- WORK TASK: Please write out exactly the lines from the opening of the listing through the line that holds "Reinforced Cement Concrete", including both, and nothing else; no pictures.

⟨

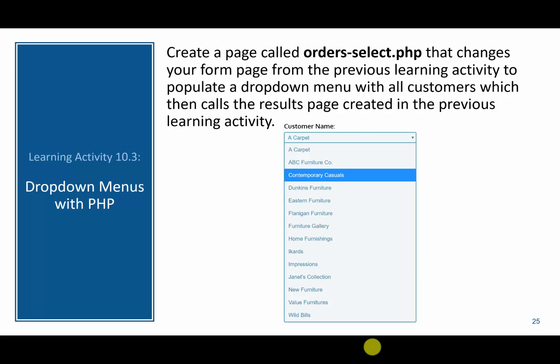In this video, we are going to adapt learning activity 10.2 to use a drop-down menu, and we will call this page orders-select.php.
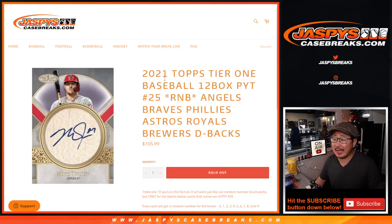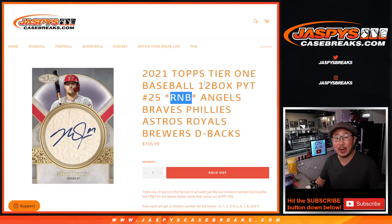Hi everybody, Joe for JaspiesCaseBreaks.com coming at you with a random number block randomizer for top tier one baseball. This one features this group of teams right here. I think everyone knows how this works. Remember the rule about the zero spot and read the description there. You can see the non-numbered disclaimer as well.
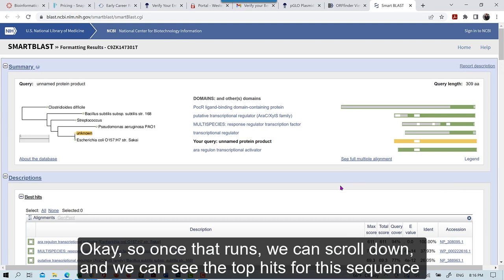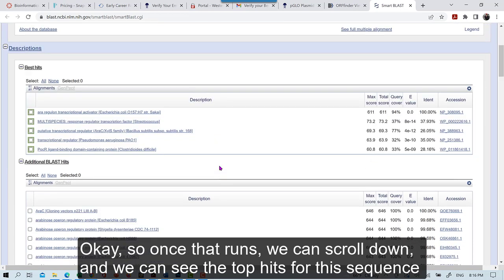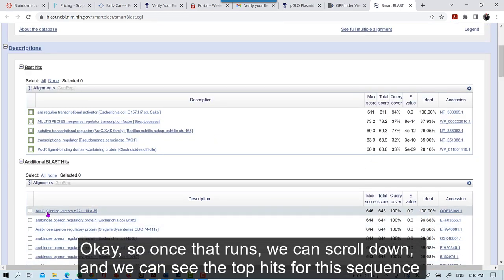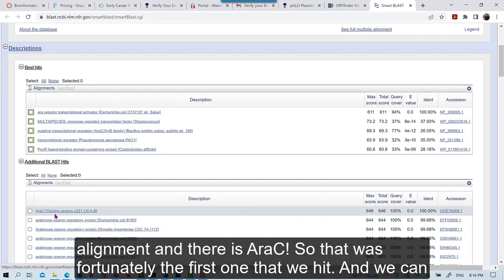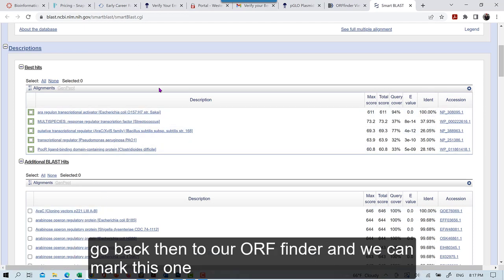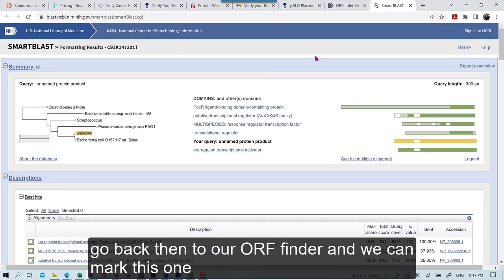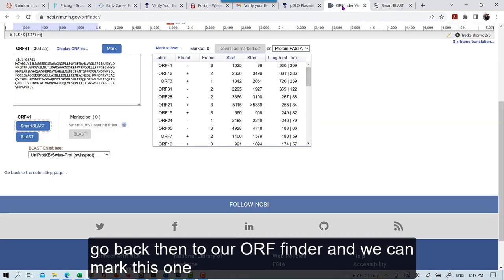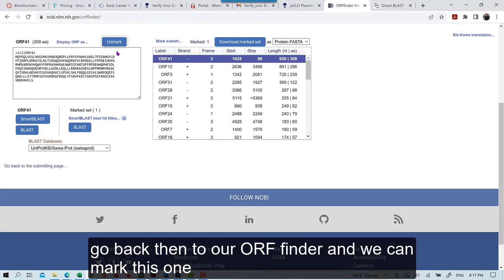Okay, so once that runs, we can scroll down, and we can see the top hits for the sequence alignment. And there is AeroC. So that was, fortunately, the first one that we hit. So we can go back then to our ORF Finder, and we can mark this one.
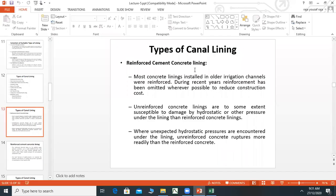Reinforced Cement Concrete (RCC) lining: Most early concrete lining in irrigation channels was reinforced. During recent years, reinforcement has been omitted where possible to reduce construction costs, and PCC lining is now commonly used instead. At sites like RCB Regbali, you can see concrete lining — the bottom portion is PCC lining.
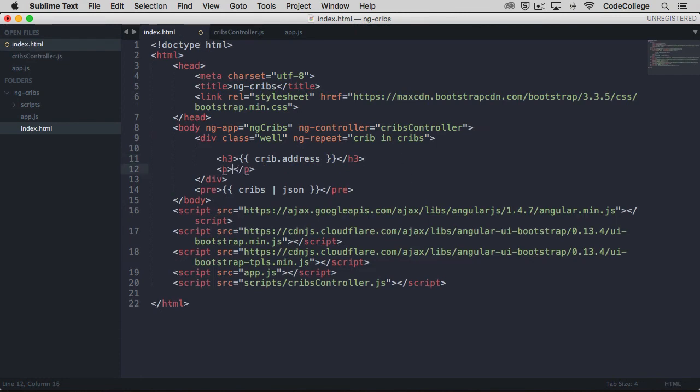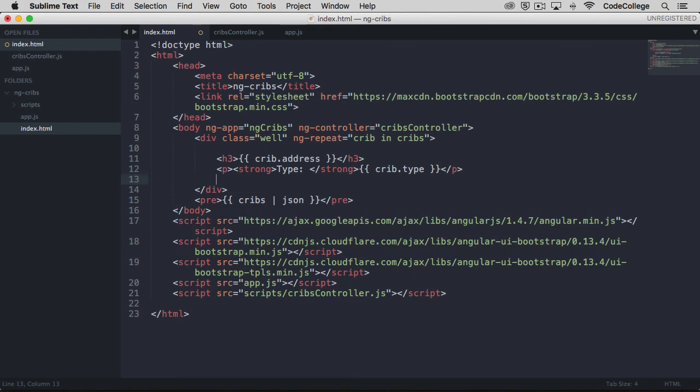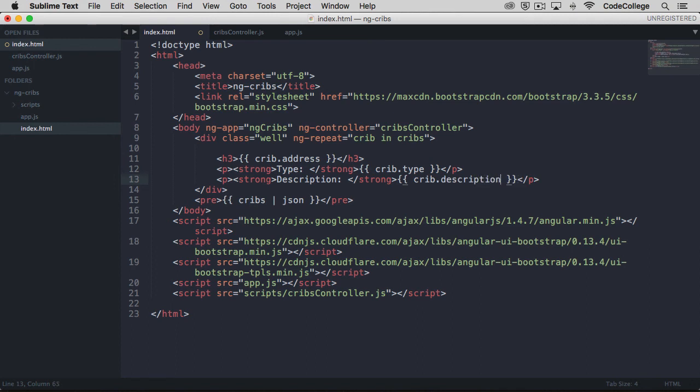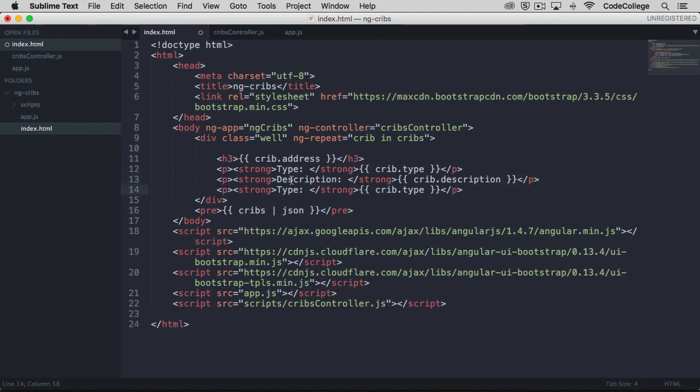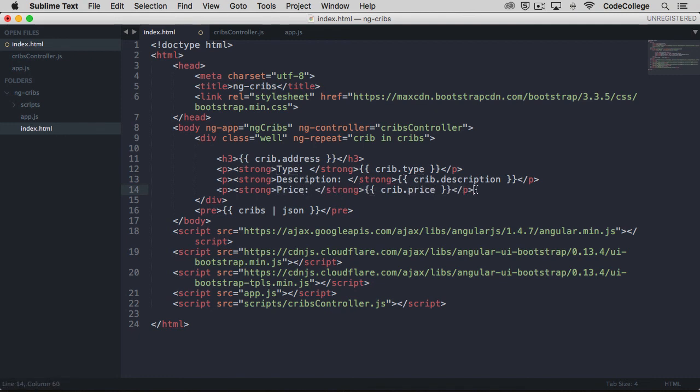Next, maybe we want to have a strong tag here and we'll say the type is going to be crib.type. That's going to be the type of listing. Next, I'll just copy that to save some time. We'll want the description. This will be crib.description. And finally, we'll want the price. So we'll come over here and we'll do the price equal to crib.price. Let's maybe get rid of this down here.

⟩

- ANSWER:
In this video, we are going to adapt learning activity 10.2 to use a drop-down menu, and we will call this page orders-select.php.
Hi everybody, Joe for JaspiesCaseBreaks.com coming at you with a random number block randomizer for top tier one baseball. This one features this group of teams right here. I think everyone knows how this works. Remember the rule about the zero spot and read the description there. You can see the non-numbered disclaimer as well.
Okay, so once that runs, we can scroll down, and we can see the top hits for the sequence alignment. And there is AeroC. So that was, fortunately, the first one that we hit. So we can go back then to our ORF Finder, and we can mark this one.
Reinforced Cement Concrete (RCC) lining: Most early concrete lining in irrigation channels was reinforced. During recent years, reinforcement has been omitted where possible to reduce construction costs, and PCC lining is now commonly used instead. At sites like RCB Regbali, you can see concrete lining — the bottom portion is PCC lining.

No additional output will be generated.